Technology in Forestry
As we near the end of Brad's work term with Tolko, he reflects on how technology impacts his daily life in the forest industry. There's no doubt, technology has a large role to play in forestry and we're looking for great people, like Brad, who bring new ideas to the field. We're changing and we want the best and brightest to lead the way. We're glad Brad recognized the impact of technology on his work and we look forward to seeing his take on the future.
Brad Constantine was selected as one of Greenest Workforce Green Dream bloggers during the summer of 2017. Brad shared some great insight into what it's like to work in the forest industry and to live in Meadow Lake. We'll be re-sharing Brad's summer of blogs over the next several weeks so you can share in his adventure and more about the great opportunities that await you in the forest industry. For more information on the Greenest Workforce visit: http://thegreenestworkforce.ca/index.php/en/home/
By Brad Constantine on September 11, 2017
This summer has shown me a whole new perspective on how technology impacts my daily job. The forestry sector can move forward at a faster rate due to technological advances. From flying drones to do reconnaissance, creating maps using the latest GIS software, to LiDAR calibration plots to increase the accuracy of laser technology. Each piece plays an important role in the progress of allowing timber to come into the mills. By using the technology, it allows for technicians and supervisors to cover more ground and retrieve more data more efficiently.
The usage of drones within forestry operations is relatively new. Prairie Woodlands have recently been using them in the previous two years to check burn piles, proper block retentions during harvesting, establishment blocks and terrain of areas that have yet to be cut. For myself and the supervisors, we mostly use drones for the harvesting portion. Our planning crew, on the other hand, can use the drone footage to aid in the layout of blocks and be able to make ortho maps of areas to aid in visualizing the terrain on a map.

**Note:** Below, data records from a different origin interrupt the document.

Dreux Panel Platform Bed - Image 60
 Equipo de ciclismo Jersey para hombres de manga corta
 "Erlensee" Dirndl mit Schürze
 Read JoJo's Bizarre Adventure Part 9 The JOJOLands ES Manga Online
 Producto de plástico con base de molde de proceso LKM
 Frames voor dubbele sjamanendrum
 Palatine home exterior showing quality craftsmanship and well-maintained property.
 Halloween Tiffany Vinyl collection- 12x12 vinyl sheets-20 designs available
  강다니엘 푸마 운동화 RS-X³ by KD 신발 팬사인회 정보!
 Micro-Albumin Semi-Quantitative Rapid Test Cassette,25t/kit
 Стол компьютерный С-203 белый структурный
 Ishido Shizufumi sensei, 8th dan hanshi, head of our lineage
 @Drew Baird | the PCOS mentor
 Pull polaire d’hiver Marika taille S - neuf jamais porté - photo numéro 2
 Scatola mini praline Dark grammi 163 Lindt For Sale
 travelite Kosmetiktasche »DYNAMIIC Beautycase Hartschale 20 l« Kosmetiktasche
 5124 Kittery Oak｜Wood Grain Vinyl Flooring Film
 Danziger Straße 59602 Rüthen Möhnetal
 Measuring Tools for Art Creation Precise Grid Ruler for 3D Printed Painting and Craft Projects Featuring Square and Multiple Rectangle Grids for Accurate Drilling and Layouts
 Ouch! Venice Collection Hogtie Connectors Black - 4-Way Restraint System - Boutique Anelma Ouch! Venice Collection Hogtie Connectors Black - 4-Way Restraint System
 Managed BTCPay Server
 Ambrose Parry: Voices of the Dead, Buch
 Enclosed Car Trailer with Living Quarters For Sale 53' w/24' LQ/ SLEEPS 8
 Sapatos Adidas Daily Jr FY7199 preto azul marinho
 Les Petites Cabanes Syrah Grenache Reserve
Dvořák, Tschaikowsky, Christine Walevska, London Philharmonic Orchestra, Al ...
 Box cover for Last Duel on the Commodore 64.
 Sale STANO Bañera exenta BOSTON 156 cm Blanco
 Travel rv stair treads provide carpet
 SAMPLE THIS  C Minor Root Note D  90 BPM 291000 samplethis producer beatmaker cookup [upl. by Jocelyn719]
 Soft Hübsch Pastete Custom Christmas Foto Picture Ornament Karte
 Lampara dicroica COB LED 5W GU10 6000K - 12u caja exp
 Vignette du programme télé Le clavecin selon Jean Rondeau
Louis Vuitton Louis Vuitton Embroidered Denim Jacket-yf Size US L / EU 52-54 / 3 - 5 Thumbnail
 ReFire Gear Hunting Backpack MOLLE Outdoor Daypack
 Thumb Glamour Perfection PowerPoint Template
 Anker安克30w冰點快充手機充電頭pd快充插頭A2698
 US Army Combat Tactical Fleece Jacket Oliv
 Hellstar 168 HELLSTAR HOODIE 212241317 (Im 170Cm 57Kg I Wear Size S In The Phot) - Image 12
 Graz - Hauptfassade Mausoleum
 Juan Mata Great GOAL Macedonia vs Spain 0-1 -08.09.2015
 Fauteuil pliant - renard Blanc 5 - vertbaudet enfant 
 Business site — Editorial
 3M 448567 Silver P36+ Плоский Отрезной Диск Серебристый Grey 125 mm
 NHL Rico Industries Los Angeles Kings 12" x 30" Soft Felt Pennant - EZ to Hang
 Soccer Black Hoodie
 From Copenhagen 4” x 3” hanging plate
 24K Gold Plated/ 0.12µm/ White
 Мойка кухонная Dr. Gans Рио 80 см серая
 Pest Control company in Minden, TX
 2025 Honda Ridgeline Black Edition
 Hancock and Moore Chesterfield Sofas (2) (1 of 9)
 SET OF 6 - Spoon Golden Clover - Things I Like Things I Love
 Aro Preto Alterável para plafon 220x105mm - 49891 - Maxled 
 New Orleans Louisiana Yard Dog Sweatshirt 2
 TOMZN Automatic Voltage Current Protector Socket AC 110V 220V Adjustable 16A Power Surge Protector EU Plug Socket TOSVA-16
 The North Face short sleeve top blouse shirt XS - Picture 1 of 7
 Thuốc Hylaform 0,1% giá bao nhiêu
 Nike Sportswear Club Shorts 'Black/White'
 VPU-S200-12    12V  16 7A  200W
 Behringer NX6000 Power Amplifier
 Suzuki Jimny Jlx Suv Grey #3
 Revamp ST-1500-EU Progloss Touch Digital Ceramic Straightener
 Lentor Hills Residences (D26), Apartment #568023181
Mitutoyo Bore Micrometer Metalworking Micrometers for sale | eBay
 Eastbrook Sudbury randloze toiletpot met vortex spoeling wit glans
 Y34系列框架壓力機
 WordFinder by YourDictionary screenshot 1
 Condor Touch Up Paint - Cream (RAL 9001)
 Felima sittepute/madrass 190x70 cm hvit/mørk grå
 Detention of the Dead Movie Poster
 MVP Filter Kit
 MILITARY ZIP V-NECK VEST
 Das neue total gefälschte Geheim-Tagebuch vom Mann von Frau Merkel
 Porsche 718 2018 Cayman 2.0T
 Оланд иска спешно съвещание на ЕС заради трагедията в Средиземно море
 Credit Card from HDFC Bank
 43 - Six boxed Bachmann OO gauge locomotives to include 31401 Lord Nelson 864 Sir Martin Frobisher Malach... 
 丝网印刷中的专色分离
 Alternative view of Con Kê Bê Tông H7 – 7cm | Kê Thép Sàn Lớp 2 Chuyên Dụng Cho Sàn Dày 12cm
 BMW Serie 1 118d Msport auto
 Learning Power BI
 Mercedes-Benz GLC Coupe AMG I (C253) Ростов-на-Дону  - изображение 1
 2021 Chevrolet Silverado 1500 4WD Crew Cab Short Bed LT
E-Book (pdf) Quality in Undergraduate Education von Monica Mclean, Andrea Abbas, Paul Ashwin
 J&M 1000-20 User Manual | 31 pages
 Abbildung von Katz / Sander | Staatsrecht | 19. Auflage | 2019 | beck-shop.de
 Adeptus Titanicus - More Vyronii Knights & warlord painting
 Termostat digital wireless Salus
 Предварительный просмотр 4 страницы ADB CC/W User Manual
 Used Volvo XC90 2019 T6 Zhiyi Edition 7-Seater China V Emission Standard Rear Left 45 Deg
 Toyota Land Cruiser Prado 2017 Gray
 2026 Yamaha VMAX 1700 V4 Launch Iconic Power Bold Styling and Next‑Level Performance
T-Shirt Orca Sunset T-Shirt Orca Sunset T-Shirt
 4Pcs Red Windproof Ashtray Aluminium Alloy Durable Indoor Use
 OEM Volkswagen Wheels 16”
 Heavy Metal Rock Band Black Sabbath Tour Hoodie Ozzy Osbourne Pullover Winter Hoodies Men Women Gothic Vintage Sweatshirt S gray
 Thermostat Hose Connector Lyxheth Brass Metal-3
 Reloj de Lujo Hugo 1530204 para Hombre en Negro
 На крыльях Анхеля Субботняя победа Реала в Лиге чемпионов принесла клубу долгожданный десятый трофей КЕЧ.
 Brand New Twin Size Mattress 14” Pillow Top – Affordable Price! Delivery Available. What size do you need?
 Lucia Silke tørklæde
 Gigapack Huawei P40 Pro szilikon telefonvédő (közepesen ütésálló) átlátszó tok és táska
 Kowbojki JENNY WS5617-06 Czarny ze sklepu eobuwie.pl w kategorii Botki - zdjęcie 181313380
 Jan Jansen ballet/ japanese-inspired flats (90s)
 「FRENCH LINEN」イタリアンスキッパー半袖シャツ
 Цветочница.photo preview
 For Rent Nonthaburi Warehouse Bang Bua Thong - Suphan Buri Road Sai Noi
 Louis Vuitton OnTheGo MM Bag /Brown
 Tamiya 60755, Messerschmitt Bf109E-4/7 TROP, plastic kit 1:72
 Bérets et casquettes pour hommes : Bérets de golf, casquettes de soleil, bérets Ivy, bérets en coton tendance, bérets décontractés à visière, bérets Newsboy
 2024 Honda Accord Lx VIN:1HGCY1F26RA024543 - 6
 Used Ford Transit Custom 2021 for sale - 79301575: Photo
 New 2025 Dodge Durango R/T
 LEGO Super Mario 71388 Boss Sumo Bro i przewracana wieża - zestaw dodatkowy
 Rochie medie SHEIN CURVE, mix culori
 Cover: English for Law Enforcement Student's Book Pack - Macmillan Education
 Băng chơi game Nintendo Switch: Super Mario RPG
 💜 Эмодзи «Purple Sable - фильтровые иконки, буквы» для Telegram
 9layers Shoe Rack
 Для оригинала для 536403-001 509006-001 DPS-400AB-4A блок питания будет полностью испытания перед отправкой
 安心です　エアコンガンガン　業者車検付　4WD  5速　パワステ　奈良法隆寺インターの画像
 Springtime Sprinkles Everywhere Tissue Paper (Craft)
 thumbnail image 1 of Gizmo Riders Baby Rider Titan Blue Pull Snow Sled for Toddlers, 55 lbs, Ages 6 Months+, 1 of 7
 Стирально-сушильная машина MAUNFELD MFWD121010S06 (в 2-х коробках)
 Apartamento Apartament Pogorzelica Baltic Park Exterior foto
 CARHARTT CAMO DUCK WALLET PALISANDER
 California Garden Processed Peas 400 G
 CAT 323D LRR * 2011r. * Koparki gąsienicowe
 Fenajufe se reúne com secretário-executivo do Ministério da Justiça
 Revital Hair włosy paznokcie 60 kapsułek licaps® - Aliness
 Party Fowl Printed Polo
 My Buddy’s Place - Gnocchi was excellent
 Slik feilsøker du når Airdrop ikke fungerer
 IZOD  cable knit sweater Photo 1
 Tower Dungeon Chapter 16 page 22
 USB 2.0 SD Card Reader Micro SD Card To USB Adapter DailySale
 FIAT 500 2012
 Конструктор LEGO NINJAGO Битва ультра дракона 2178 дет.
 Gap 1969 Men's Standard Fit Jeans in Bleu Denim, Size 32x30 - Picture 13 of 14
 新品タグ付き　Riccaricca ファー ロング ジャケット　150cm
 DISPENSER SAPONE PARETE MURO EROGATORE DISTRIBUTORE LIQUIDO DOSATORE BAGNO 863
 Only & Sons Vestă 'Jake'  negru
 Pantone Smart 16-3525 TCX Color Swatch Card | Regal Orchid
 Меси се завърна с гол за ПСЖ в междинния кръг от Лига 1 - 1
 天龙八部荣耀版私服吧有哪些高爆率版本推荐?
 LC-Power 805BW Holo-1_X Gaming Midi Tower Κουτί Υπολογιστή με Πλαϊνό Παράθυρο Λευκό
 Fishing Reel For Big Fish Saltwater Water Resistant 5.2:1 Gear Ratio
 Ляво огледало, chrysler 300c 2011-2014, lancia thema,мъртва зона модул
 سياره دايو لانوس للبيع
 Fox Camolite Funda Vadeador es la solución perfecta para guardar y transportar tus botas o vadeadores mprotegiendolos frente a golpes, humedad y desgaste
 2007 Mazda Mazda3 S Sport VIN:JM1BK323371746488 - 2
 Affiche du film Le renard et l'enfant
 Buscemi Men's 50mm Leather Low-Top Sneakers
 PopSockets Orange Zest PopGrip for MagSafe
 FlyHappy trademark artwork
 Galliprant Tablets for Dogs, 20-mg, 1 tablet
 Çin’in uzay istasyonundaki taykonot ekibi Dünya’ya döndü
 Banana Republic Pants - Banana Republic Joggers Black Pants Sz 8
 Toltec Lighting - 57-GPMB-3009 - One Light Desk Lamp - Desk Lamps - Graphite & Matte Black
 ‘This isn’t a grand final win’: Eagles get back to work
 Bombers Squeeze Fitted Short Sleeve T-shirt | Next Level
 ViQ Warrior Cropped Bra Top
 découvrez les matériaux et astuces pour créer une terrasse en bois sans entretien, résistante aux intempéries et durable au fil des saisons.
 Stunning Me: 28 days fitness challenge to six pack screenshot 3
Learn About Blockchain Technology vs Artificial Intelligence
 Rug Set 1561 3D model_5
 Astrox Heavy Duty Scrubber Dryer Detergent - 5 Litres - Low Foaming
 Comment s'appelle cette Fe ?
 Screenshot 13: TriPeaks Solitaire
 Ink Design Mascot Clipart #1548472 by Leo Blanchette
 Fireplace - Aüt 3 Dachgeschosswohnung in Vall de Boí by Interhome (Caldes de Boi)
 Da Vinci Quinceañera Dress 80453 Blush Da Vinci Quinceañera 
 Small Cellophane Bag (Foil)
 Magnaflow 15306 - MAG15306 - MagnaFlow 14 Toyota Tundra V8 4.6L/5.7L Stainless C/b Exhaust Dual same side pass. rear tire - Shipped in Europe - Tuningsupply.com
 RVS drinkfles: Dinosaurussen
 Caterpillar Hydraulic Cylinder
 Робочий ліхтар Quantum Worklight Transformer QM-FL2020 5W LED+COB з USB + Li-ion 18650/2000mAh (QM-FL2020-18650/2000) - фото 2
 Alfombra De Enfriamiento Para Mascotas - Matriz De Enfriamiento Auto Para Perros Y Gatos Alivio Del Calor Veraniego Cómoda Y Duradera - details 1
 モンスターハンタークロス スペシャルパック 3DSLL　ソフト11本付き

Secondly, the LiDAR Plot I wrote about earlier in the summer plays a huge role as well. Data collected from the work aids the planning groups in Northern Saskatchewan to figure out what there is for timber volume in our forests. Timber volume is very important to know because it allows woodlands to gauge how much wood is needed to supply the demand of products and to figure out how many blocks will need to be cut to meet the quota for the mill.
Finally, to bring everything together, all this data is collected and process into PDF maps. From this, we can distinguish between stand types and densities within blocks. On these maps, we can see where wet areas are, and what species are growing in areas. With this data, we can decide when is the best time to cut the blocks.
Although the forestry industry was born on the ground, the advancement in technology is a step in the right direction as the demand for forest product has skyrocketed since the origin of industrialized forest management.